TO DO.
Could you copy out all the lines in the material below where the word "Soft" occurs?

THE RECORDS.
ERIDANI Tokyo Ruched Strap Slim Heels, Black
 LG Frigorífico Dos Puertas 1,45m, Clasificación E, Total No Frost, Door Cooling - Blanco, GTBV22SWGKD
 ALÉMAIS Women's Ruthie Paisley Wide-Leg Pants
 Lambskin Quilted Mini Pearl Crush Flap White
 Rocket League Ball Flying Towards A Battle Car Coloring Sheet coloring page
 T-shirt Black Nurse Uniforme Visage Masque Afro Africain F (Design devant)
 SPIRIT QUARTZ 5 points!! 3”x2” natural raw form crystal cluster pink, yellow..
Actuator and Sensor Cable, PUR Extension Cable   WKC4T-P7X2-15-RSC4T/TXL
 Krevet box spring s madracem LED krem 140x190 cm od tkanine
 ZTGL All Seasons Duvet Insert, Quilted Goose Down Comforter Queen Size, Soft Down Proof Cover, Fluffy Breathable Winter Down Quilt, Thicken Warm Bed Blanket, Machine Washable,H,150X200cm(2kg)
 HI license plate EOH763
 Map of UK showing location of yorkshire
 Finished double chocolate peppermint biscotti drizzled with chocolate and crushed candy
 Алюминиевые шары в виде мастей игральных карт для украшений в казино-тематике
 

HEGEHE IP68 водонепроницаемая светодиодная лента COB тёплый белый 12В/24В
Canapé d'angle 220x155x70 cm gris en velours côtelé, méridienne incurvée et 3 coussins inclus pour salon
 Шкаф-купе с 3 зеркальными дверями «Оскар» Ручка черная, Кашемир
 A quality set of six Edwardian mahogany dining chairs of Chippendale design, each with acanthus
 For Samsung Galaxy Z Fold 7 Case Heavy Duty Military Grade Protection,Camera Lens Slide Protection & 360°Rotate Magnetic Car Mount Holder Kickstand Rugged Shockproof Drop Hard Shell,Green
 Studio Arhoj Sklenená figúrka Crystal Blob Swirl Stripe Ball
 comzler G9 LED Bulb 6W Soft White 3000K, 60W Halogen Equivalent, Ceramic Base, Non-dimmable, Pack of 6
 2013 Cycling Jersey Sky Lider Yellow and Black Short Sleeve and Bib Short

WRITTEN SOLUTION.
 ZTGL All Seasons Duvet Insert, Quilted Goose Down Comforter Queen Size, Soft Down Proof Cover, Fluffy Breathable Winter Down Quilt, Thicken Warm Bed Blanket, Machine Washable,H,150X200cm(2kg)
 comzler G9 LED Bulb 6W Soft White 3000K, 60W Halogen Equivalent, Ceramic Base, Non-dimmable, Pack of 6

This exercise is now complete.